Kaplan‐Meier curves were constructed for quartiles of ultrasound device‐adjusted IMT values (Q1: 0.245–<0.415 mm, Q2: ≥0.415–<0.470 mm, Q3: ≥0.470–<0.530 mm, and Q4: ≥0.530–0.955 mm for CCA IMT; and Q1: 0.28–<0.45 mm, Q2: ≥0.45–<0.52 mm, Q3: ≥0.52–<0.60 mm, and Q4: ≥0.60–2.10 mm for ICA IMT). Two‐sided P≤0.05 was considered statistically significant. Statistical analyses used SAS version 9.4 (SAS Institute, Cary, NC).
RESULTS
The DCCT baseline characteristics were similar between IMT participants (N=1309) and IMT nonparticipants (N=132), except for smoking and HbA1c (data not shown). Compared with participants, nonparticipants were more likely to be current smokers and had higher HbA1c levels at DCCT baseline (data not shown). At the time of the ultrasound imaging (EDIC years 1–2), 52% of the participants were men, and the mean age was 35 years (SD, 6.9 years).
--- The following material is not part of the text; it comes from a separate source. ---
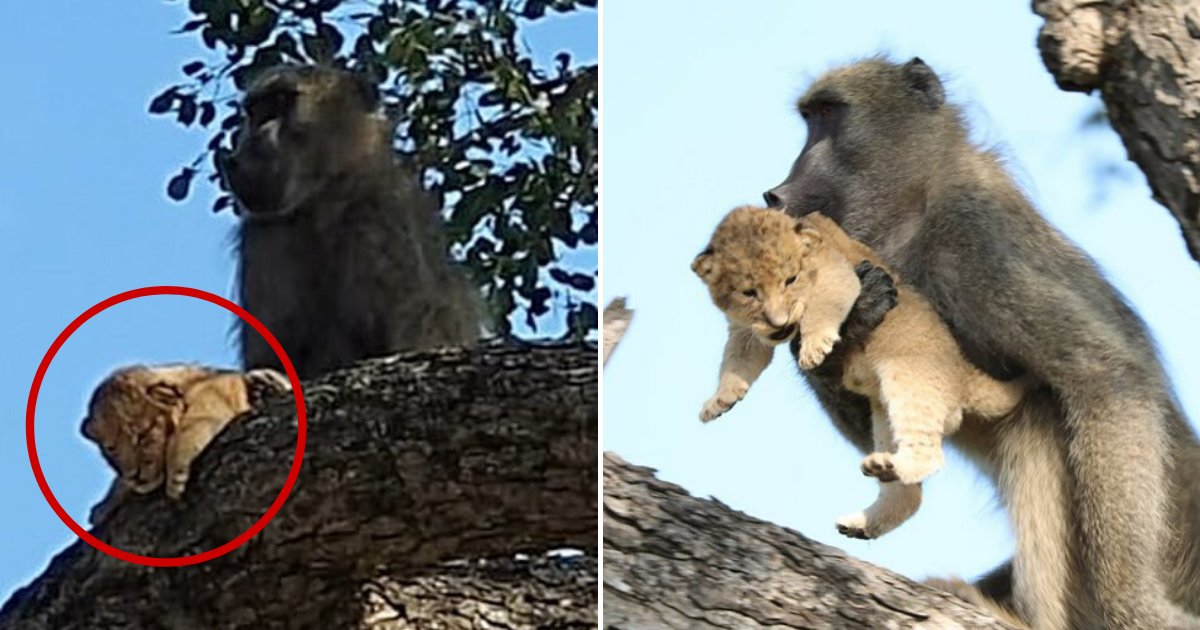 cub6.png?resize=412,275 - A Baboon Stole A Lion Cub From Its Pride Before Taking It Into Treetops To Groom It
The mean duration of T1D was 13.8 years (SD, 4.8 years), the mean HbA1c was 8.1% (SD, 1.4%), the mean CCA IMT was 0.48 mm (SD, 0.09 mm), and the mean ICA IMT was 0.55 mm (SD, 0.16 mm) (Table 1).
Table 1.
Characteristics at the Time of IMT Measurements at EDIC Year 1 for Patients With and Without Incident CAD
| Characteristics at EDIC year 1* | All participants | CAD | P value‡ | |
|---|---|---|---|---|
| Yes | No | |||
| No. of participants | 1309 | 135 | 1174 | |
| Women, % | 48.0 | 50.4 | 47.7 | 0.5098 |
| Race, % White | 96.3 | 95.6 | 96.4 | 0.6201 |
| Intensive group, % | 50.2 | 46.7 | 50.6 | 0.3344 |
| Age, y | 35.0±6.9 | 38.2±6.3 | 34.7±6.9 | <0.0001 |
| Duration of IDD, y | 13.8±4.8 | 15.0±5.1 | 13.6±4.8 | 0.0032 |
| Current cigarette smokers, % | 18.1 | 25.2 | 17.3 | 0.0160 |
| Body mass index, kg/m2 | 26.1±4.0 | 26.6±4.5 | 26.0±4.0 | 0.1019 |
| Systolic blood pressure, mm Hg | 117±12 | 122±14 | 116±12 | <0.0001 |
| Diastolic blood pressure, mm Hg | 75±9 | 78±9 | 75±9 | 0.0005 |
| Insulin dose, units/kg per d | 0.67±0.21 | 0.69±0.21 | 0.66±0.21 | 0.0958 |
| HbA1c, % | 8.1±1.4 | 8.5±1.4 | 8.1±1.3 | <0.0001 |
| Weighted mean HbA1c, % | 8.1±1.4 | 8.4±1.5 | 8.1±1.3 | 0.0033 |
| HDL cholesterol, mg/dL | 52±13 | 53±14 | 52±13 | 0.9375 |
| Non‐HDL cholesterol, mg/dL | 131±36 | 145±32 | 130±36 | <0.0001 |
| LDL cholesterol, mg/dL | 114±30 | 126±28 | 113±30 | <0.0001 |
| Total cholesterol, mg/dL | 184±35 | 197±33 | 182±35 | <0.0001 |
| Triglycerides, mg/dL | 87±66 | 95±51 | 86±67 | 0.1129 |
| IMT measurements | ||||
| Common IMT, mm | 0.48±0.09 | 0.51±0.10 | 0.47±0.09 | 0.0001 |
| Internal IMT, mm | 0.55±0.16 | 0.59±0.25 | 0.55±0.15 | 0.0012 |
CAD indicates coronary artery disease; EDIC, Epidemiology of Diabetes Interventions and Complications; HbA1c, hemoglobin A1c; HDL, high‐density lipoprotein; IDD, insulin‐dependent diabetes; IMT, intima‐media thickness; and LDL, low‐density lipoprotein.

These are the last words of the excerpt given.